She smiled at him. It wasn’t a sad smile exactly, but sadness was somewhere in the mix.

‘But there’ll be another kind of trouble along soon enough, right?’

‘Trouble follows me,’ said Parker. ‘I think that was the title of a book.’

‘It follows you like a dog,’ said Macy, ‘because you keep feeding it. Speaking of which, have you eaten?’

Parker looked at his watch. He hadn’t realized how late it was, but he wasn’t very hungry. The IED had served to deprive him of his appetite.
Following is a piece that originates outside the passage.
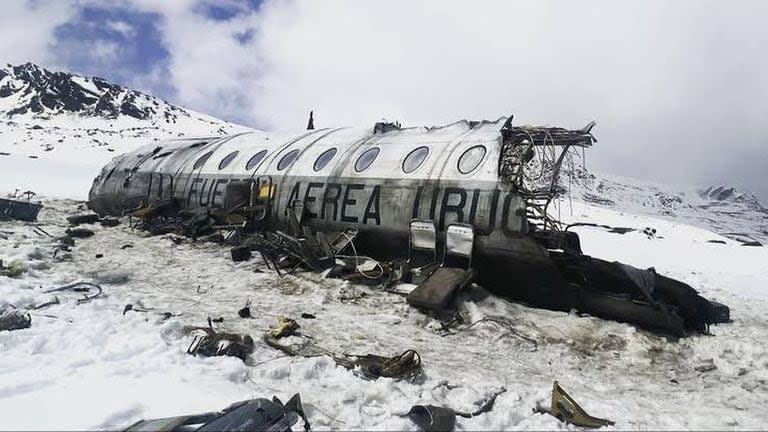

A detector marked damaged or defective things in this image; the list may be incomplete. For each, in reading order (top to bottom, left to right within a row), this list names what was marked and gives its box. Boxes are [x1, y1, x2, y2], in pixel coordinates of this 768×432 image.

wrecked aircraft [87, 116, 728, 336]
broken fuselage section [88, 116, 728, 336]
Then he looked at Macy and thought again.

‘Were you thinking of getting something?’

‘Maybe Boda.’

‘You buying?’

‘Sure,’ she said, ‘why not?’

Later, as she lay sleeping beside him, Parker watched the stars defy the darkness. She would leave in the morning. Perhaps they would do this again, but it did not matter. It was enough to connect, enough to touch and be touched, if only for a night.

Enough, briefly, to defy the darkness.

Chapter LXX

From where he sat, Radovan Vuksan could see no stars, only darkness. The drapes were closed, and the bedroom was dim. The chair was an antique, akin to a throne. It gave him the aspect of a judge, one forced to pass a sentence with which he did not entirely agree, but to whom the option of clemency had been denied.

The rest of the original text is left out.